2(c) Inventory Control and Its Techniques
Inventory control refers to the management of stock levels to ensure uninterrupted production and sales. Techniques such as Economic Order Quantity, ABC analysis, and Just-In-Time help optimize inventory levels. Proper inventory control minimizes costs and improves efficiency.
2(d) Risk in Project Evaluation
Risk refers to the possibility of deviation between expected and actual outcomes of a project. In project evaluation, risks may arise due to market fluctuations, financial constraints, technological changes, and operational issues. Identifying and managing risks is essential for successful project implementation.

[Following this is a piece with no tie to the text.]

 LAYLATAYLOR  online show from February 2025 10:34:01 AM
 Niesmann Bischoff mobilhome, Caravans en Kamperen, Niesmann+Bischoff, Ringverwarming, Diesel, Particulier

2(e) Workmen Compensation Act
The Workmen Compensation Act is a social security legislation that provides compensation to workers in case of injury, disability, or death arising out of employment. The act ensures financial protection to workers and their families while placing responsibility on employers to provide a safe working environment.
SECTION C
3(a) Characteristics and Types of Small-Scale Industries
Small-scale industries are characterized by low investment, simple technology, use of local resources, and high employment potential. They promote entrepreneurship and balanced economic development. Types of small-scale industries include manufacturing units, service industries, cottage industries, and ancillary units. Each type plays a vital role in supporting industrial growth.
3(b) Sub-controls and Their Types
Sub-controls are supporting control mechanisms used to regulate business activities effectively. They include budgetary control, inventory control, cost control, and quality control. These sub-controls help management monitor performance, reduce wastage, and improve productivity through systematic supervision and corrective actions.